Ele lembrou que o mundo viveu, nas últimas décadas do século 20, um forte movimento de expansão da democracia. Um dos marcos iniciais desse momento histórico, disse, foi a Revolução dos Cravos (1974), em Portugal, e seu ápice foi atingido em 1989, com a queda do Muro de Berlim. “Nesse período, diversos países, em todos os continentes, optaram pelo caminho democrático, deixando o autoritarismo para trás”, afirmou.

Em sua visão, contribuíram para isso fatores como a Guerra Fria e o avanço do capitalismo. De um lado, explicou, os países liderados pelos Estados Unidos foram incentivados a cumprir as promessas da democracia, para se contrapor aos países que seguiam a orientação autoritária de esquerda da União Soviética. “Além disso, houve também um período de expansão do capitalismo, gerando riquezas que ofereceram aos regimes democráticos a oportunidade de ampliar os benefícios sociais, ao mesmo tempo em que se ampliava os direitos civis e políticos”, lembrou.

No entanto, o cenário mudou no início do século 21, após o fim do antagonismo entre capitalismo e comunismo e o início de crises econômicas que abalaram a maioria dos países. “Além das perdas e ameaças aos benefícios sociais, surgiram desafios como o terrorismo e a chegada de levas de imigrantes pobres aos países mais desenvolvidos, com a abertura de espaço para populistas”, explicou Moisés.

“Temos que recuperar a dignidade da política, enfrentar as tendências populistas, criar condições que evitem a captura do Estado por forças econômicas e superar a crise de lideranças que enfrentamos hoje”, afirmou José Álvaro Moisés.

 

Mesmo com todas as dificuldades que hoje se observa no Brasil e no mundo, o cientista político acredita que a democracia continua forte. Citou levantamento da revista inglesa The Economist indicando que 50% dos países são hoje democracias, mesmo com maior ou menor grau de imperfeição. “É um número importante, se considerarmos que na metade do século passado esse índice era de 30%”, disse.

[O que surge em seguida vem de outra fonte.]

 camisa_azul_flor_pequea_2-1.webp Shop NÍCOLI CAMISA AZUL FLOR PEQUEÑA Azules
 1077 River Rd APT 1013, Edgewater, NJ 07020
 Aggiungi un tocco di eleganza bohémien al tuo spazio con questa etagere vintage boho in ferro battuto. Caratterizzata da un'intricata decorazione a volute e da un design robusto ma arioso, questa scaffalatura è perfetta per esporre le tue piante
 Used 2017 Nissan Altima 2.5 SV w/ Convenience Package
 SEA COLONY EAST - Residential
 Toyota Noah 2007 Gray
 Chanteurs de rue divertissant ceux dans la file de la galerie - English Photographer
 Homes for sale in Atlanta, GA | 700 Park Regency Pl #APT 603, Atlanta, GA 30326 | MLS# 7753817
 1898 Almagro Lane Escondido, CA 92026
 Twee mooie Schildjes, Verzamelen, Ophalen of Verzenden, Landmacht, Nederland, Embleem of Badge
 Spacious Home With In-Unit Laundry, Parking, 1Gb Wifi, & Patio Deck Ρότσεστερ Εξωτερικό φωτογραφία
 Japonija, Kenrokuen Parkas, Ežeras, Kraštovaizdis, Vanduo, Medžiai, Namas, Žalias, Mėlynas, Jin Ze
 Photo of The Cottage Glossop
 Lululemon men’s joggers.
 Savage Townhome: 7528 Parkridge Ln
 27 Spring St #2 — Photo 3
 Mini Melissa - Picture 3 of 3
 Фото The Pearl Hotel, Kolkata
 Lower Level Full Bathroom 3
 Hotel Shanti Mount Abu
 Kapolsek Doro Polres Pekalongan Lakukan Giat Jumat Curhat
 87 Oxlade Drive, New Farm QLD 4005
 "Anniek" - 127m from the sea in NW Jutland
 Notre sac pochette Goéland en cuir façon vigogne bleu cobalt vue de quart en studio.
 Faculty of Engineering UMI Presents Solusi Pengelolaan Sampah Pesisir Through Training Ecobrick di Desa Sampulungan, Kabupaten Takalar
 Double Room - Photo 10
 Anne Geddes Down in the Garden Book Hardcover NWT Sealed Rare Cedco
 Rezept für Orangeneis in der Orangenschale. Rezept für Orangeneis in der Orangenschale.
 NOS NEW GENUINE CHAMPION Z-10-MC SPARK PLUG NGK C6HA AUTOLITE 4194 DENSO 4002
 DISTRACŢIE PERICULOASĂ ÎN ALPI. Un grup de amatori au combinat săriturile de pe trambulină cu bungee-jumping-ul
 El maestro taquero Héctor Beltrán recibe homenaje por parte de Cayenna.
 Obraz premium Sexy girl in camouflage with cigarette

Outro aspecto positivo, para ele, é o extraordinário avanço registrado pelos regimes democráticos ao longo dos séculos, em termos de tamanho, escala e escopo, conforme classificação do cientista político norte-americano Robert Dahl (1915-2014). “Em relação aos primórdios do sistema, a participação popular nas decisões democráticas mudou completamente, com a inclusão de novos segmentos da sociedade e o aumento do escopo das decisões tomadas com base no voto popular”, explicou.

No Brasil, lembrou o palestrante, esses avanços também foram importantes, a exemplo da subordinação das forças armadas à sociedade civil, das eleições que propiciaram a alternância no poder e da ampliação dos direitos civis e sociais observada nas últimas décadas. “Também cresceu o engajamento da população no processo eleitoral e o sistema de integridade (Justiça, Ministério Público, Tribunal de Contas etc) está funcionando, como mostra a Operação Lava Jato”, completou.

Porém, em sua visão, a democracia ainda não está plenamente consolidada no país, apesar dos avanços. Segundo disse, há problemas como a falta de uma conexão sólida entre representados e representantes e a participação ainda incompleta de alguns segmentos da sociedade nas decisões políticas. Por isso, acredita, há grandes desafios a serem enfrentados pelo país. “Temos que recuperar a dignidade da política, enfrentar as tendências populistas, criar condições que evitem a captura do Estado por forças econômicas e superar a crise de lideranças que enfrentamos hoje”, afirmou, lembrando que talvez assim seja possível reduzir o grande distanciamento que se observa hoje entre a sociedade e o debate de questões de extrema importância em análise no Congresso.